What really impressed me is the tense atmosphere. Audio is very minimalistic but the monotonous drones create an intense feeling of dread. You never quite feel fully aware of your surroundings due to the limited light that your flashlight provides, claustrophobic level design and a somewhat uncannily small field of vision. To make it worse, enemies will often decide to just run away mid-combat and lay ambushes, waiting just around corners and so on. The game really induces paranoia and I loved it. And there are other cool details like enemies grabbing whatever they can find to use as a weapon (something you can do as well). Firearms are powerful but very rare and you can't replenish ammo for them. One time I decided to drop a shotgun that had only one shell left in favour of some random melee weapon. Later I kept moving backwards away from an enemy and that enemy suddenly dropped their weapon and grabbed that shotgun I had left on the ground. That got my adrenaline pumping and I blindly charged at the enemy before they could fire. Past that point I began emptying firearms that I didn't plan on using anymore. I can't think of a single other game that would make me engage in such behaviour.

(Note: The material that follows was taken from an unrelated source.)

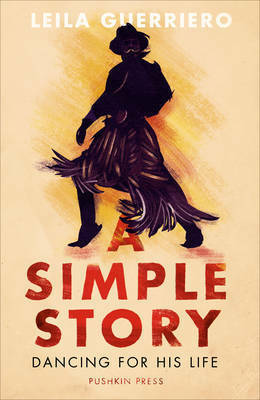 A Simple Story: Dancing for His Life by Leila Guerriero, Thomas Bunstead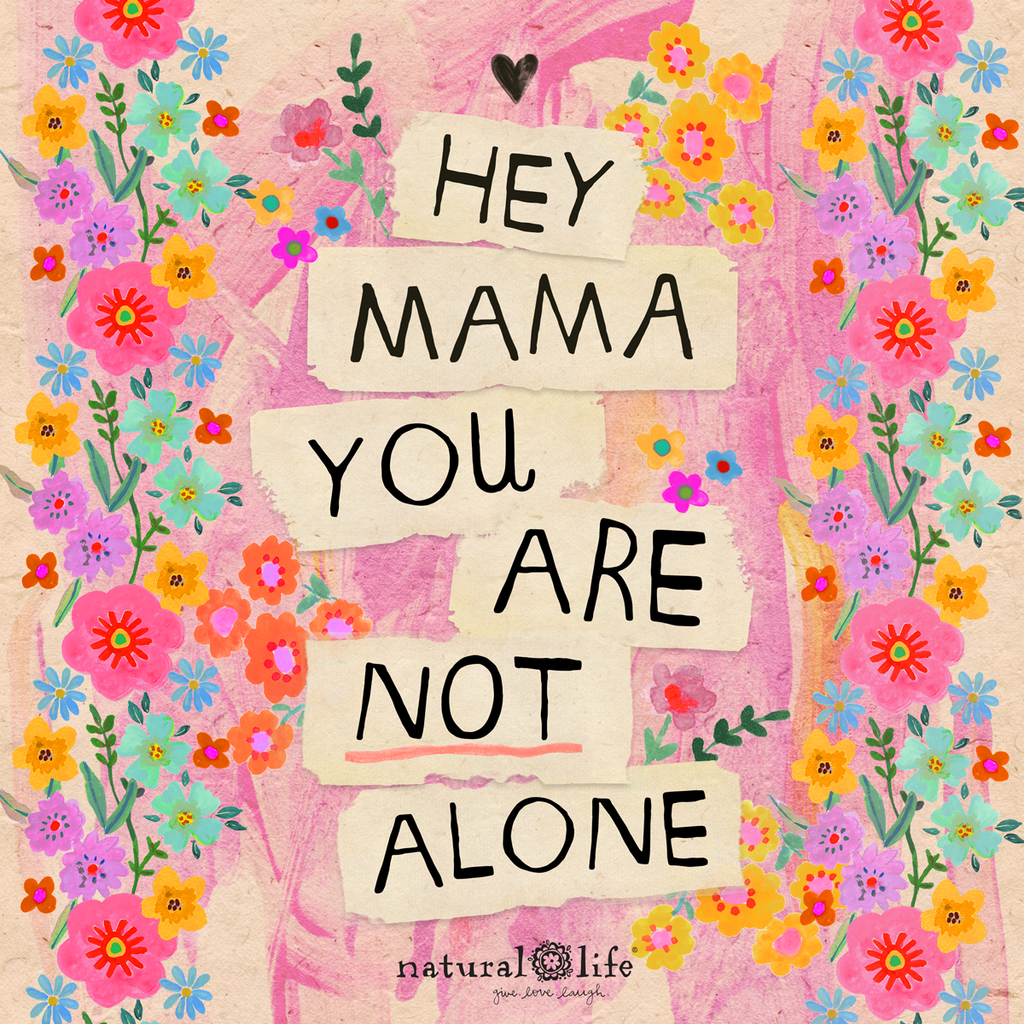 Hey mama you are not alone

However, as I said, it's not perfect and at times frustrating. I didn't quite get the hang of blocking till the final boss as the game just doesn't teach it's (still simple) melee combat well. In addition to your weapon you always also have a taser which has infinite ammo but a slow recharge rate. I abused the crap out of it as tasing enemies is safe and easy and you can do it several times in a row if you keep evading enemies - that really kept me from mastering the melee. There's also no sense of progression and the combat system does not offer the amount of tactical options that even basic shooters tend to offer. As a result the game feels pretty monotonous compared to most first-person shooters. Oh yeah, and enemies tend to move in perfect silence and you sometimes just suddenly get hit in the back by an enemy who did not have decency to announce himself in any way - that just felt wrong and cheap.

What is interesting about the game is that you spend a lot of time just walking around but always aware that a psychotic hobo could be waiting in every corner. Between the fighting and exploring you will sometimes encounter small investigation mini games which sound cool at first but boil down to just looking for some tiny detail with a UV light or laser and then taking a picture of it. What could have been a great addition to the game is usually just boring and in the worst cases frustrating. It's like Batman but bad.

Anyway, for all the games shortcomings and cheap overall feel I enjoyed it a lot. It certainly stands out to this day with its take on first-person melee combat and constant hobo slaughter. And if anything its atmosphere is amazing.